In “Planet Narnia,” Ward takes the reader through each of the Chronicles of Narnia’s seven books showing how many of the series’ elements directly correlate with characteristics of the Roman gods.
“It was very interesting and helped me understand a lot of underlying sections of Lewis’ writings. (There were) things that I would never think of until someone pointed them out to me and then they made perfect sense,” Jennifer Lind, a senior English major, said. “Even a person whose study is not English cannot deny that Ward has truth, logic and evidence behind all of his arguments.”

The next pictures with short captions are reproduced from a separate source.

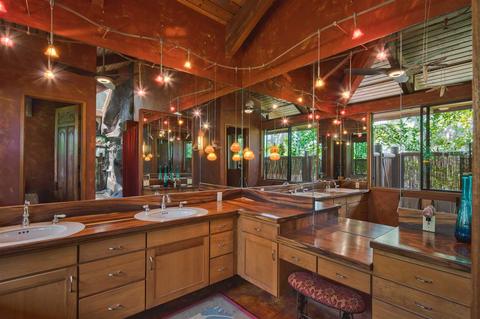 114 Kahala Pl, Kula, HI 96790 photo 18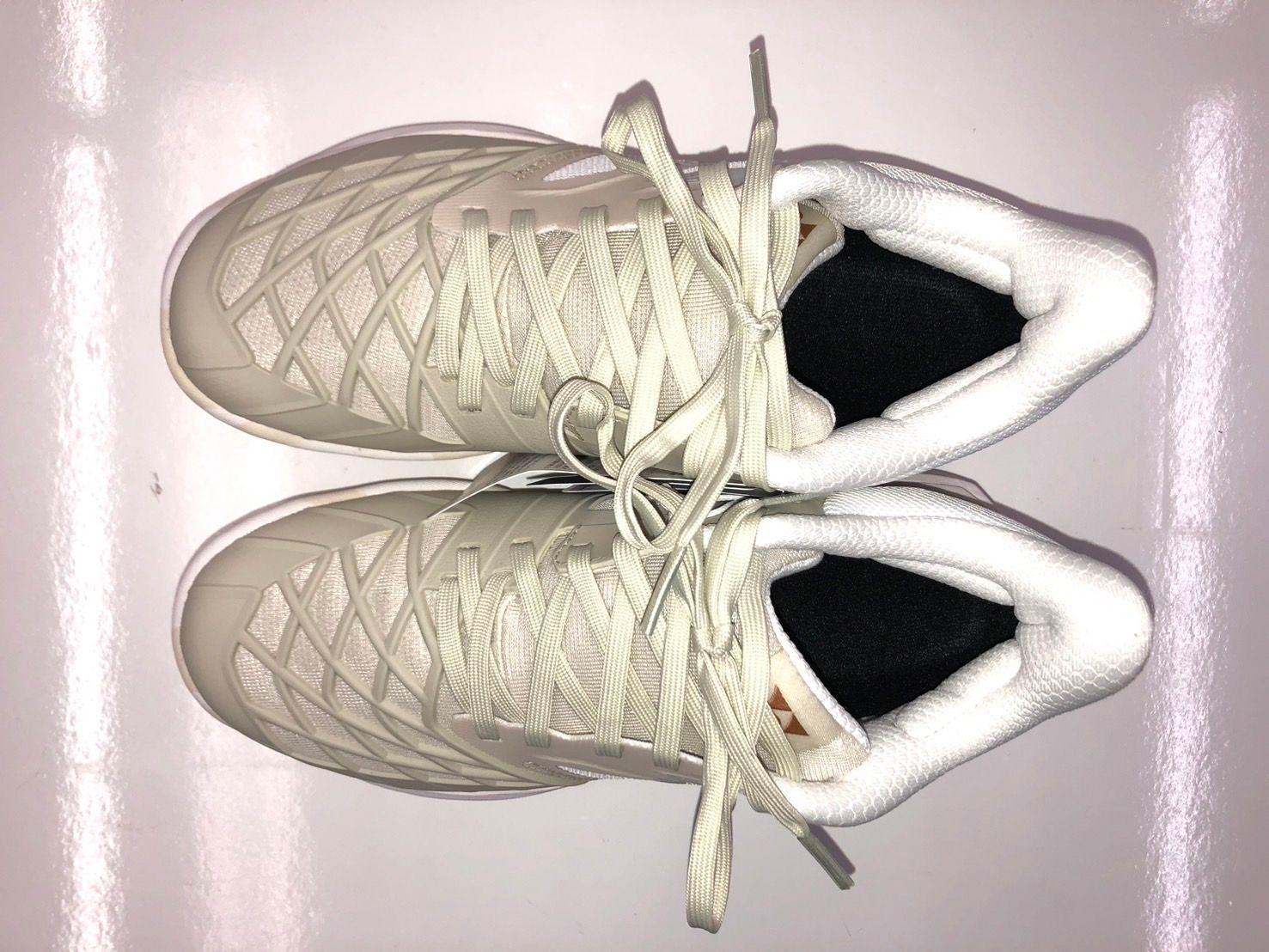 ヨネックス バドミントンシューズ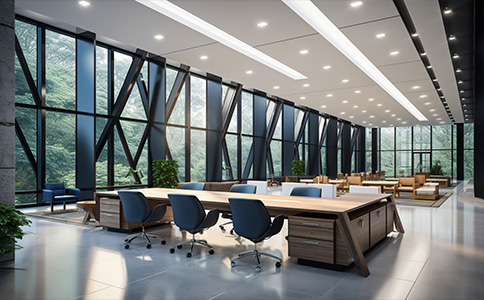 廣州注冊(cè)公司政策:廣州公司注冊(cè)優(yōu)勢(shì)及費(fèi)用 廣州注冊(cè)公司政策:廣州公司注冊(cè)優(yōu)勢(shì)及費(fèi)用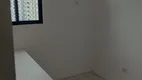 Foto 10 de Apartamento com 2 Quartos à venda, 68m² em Rosarinho, Recife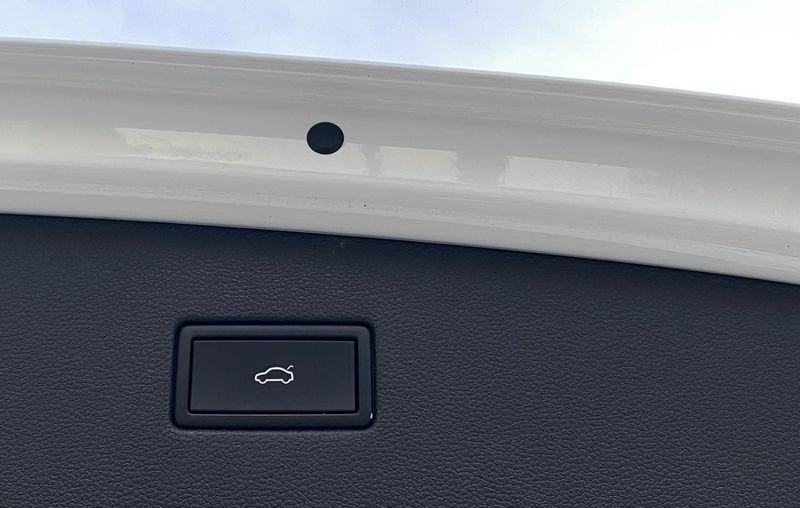 Volkswagen Tiguan Allspace Life Allspace 7 POSTI 2.0 TDI 150CV DSG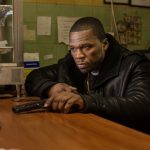 VIDEO/PHOTOS: Preview 'Power' Season 2 Finale "Ghost is Dead"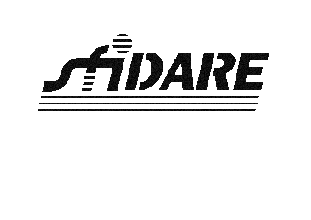 Mikki1203 giphyupload sfidare sficrit Sticker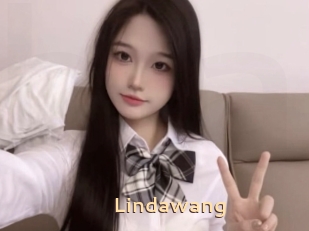 Lindawang
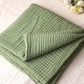Muslin Swaddle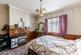 Additional image 4 of Llanover Road, Woolwich, London, SE18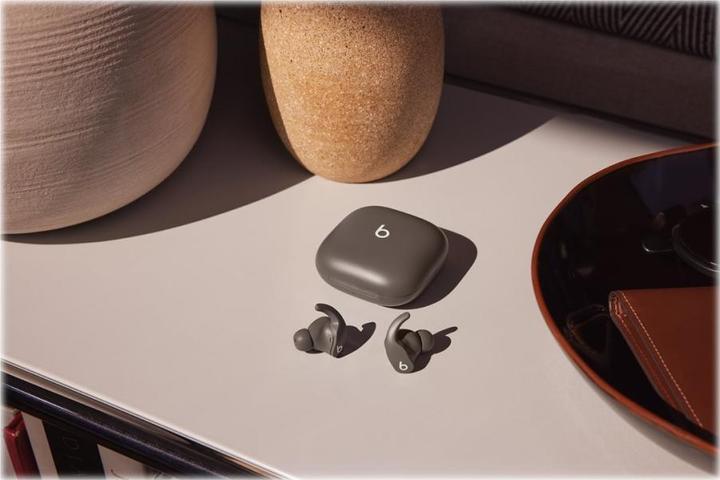 Productafbeelding Beats Fit Pro (ANC, 6 h, Draadloze)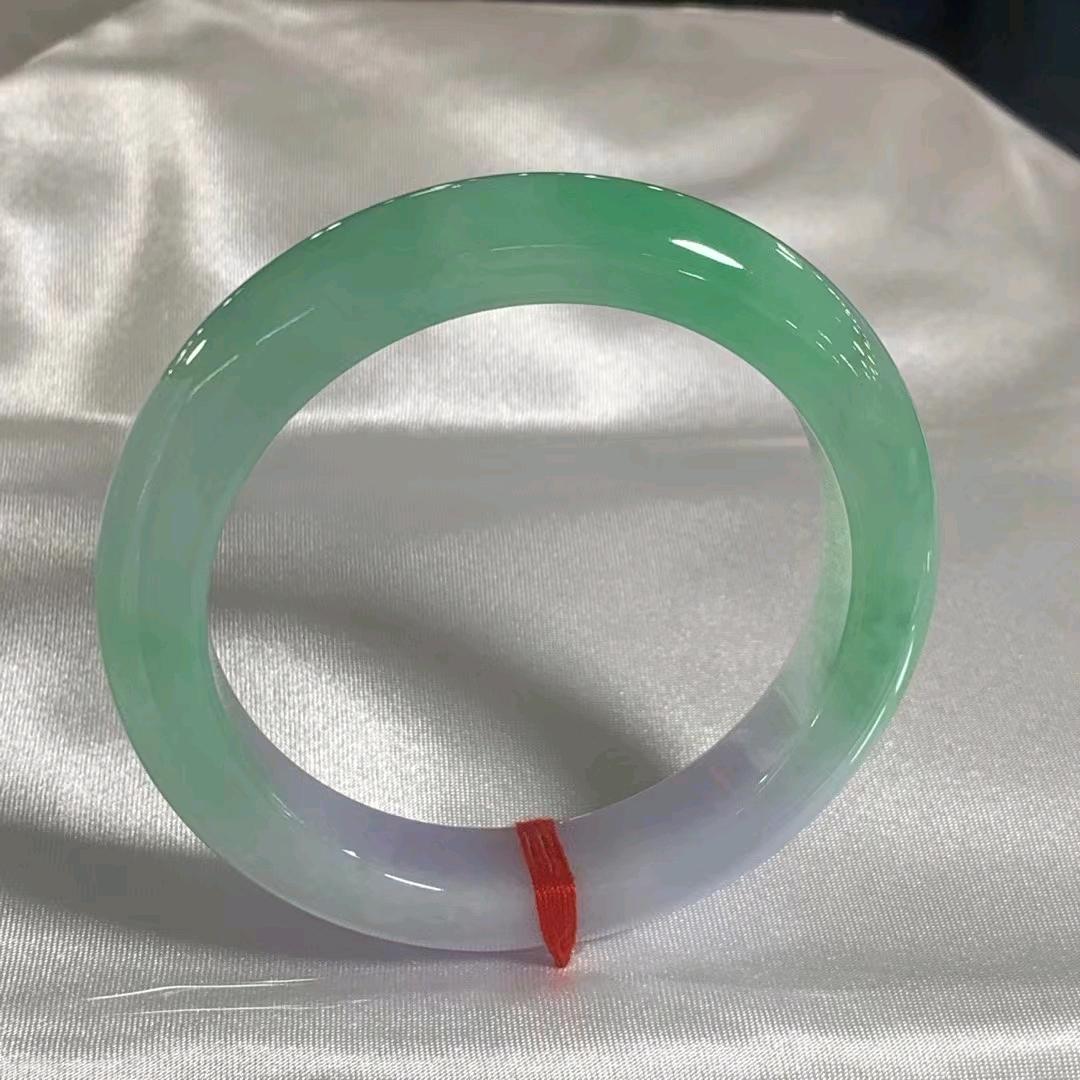 石唯玉精品玉石店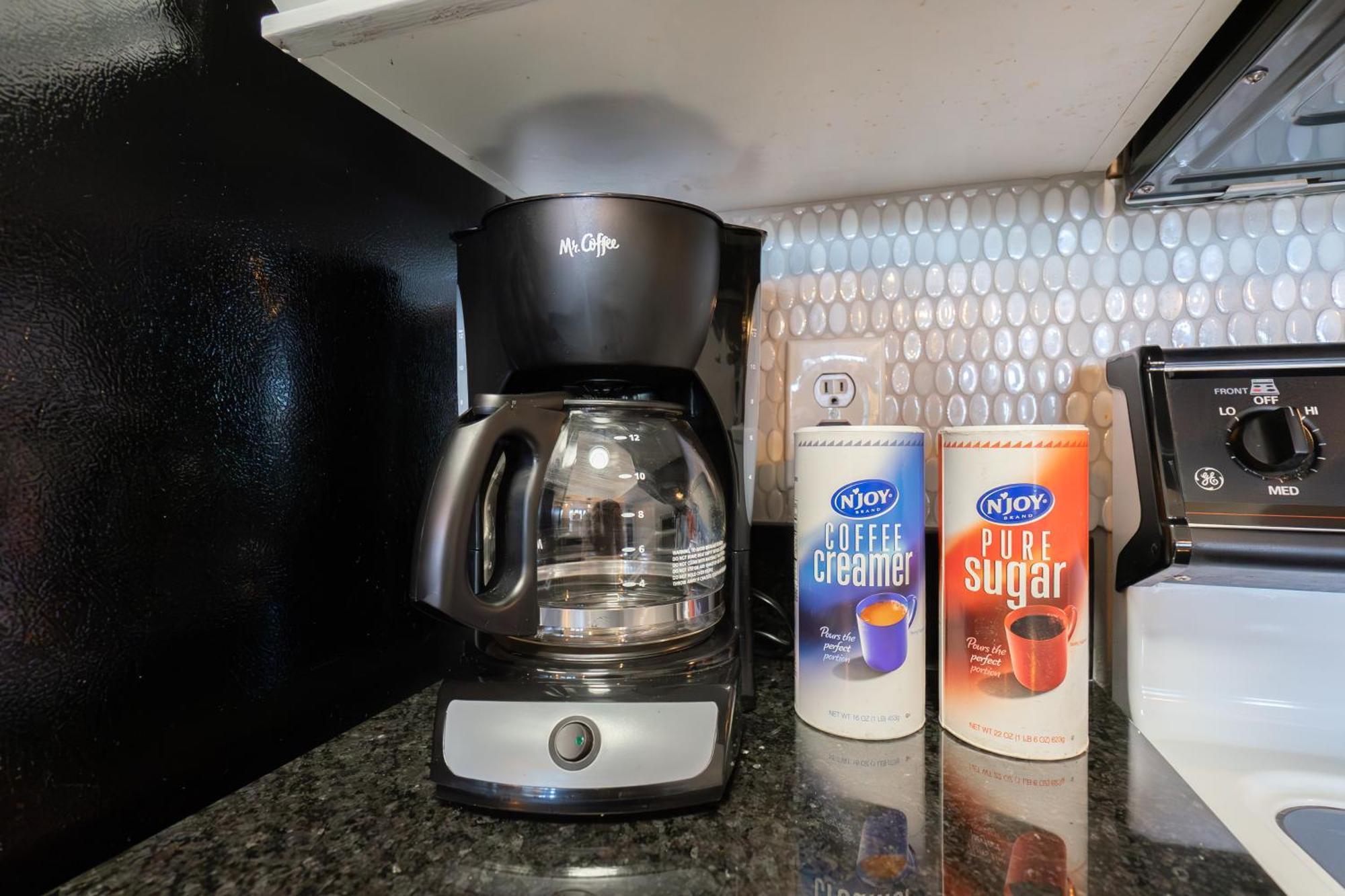 בראנסון 2Br Walk-In Condo - Near The 76 Strip - Free Wifi - Pool - Free Tickets Included - Clb-3 מראה חיצוני תמונה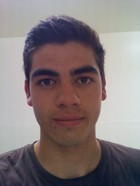 Ruben Fuentes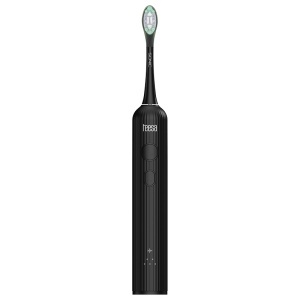 PERIUTA DE DINTI ELECTRICA TEESA SONIC ELITE - Img 3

One example Ward uses to support his medieval theory is the book “Prince Caspian,” which he refers to as the “Mars book.” Ward showed the audience how Mars was not only the god of war but also the god of vegetation. Ward claims C.S. Lewis correlated this strongly with the battle that takes place in “Prince Caspian” as well as the imagery of the trees in the forest, a running theme throughout the novel.
“I thought that was a pretty interesting way of looking at the books,” Julia Stillwagon, a junior and English minor, said. “It was very neat how all the books connected perfectly with the planets, moon and sun.”
“The fact that he could finally give a satisfactory answer for how Lewis made the Chronicles of Narnia cohesive is truly amazing,” Jill Johnson, an officer of Sigma Tau Delta (STD), said. “This new theory will bring such satisfaction and new delight each time the novels are read or studied in classrooms or outside of them.”
STD, the English honor society, hosted the event, which brought in students and professors of all majors, including English and philosophy, as well as many fans of the Chronicles of Narnia series.
“I thought the turn out for the Michael Ward event was wonderfully encouraging,” Johnson said. “It showed that students do care to be challenged in what they think and are willing to hear brilliant new theories.”
“All of the feedback after the event was very positive,” Andrew Walker, an STD officer, said. “Dr. Ward is highly accomplished and his lecture well-reflected his reputation.”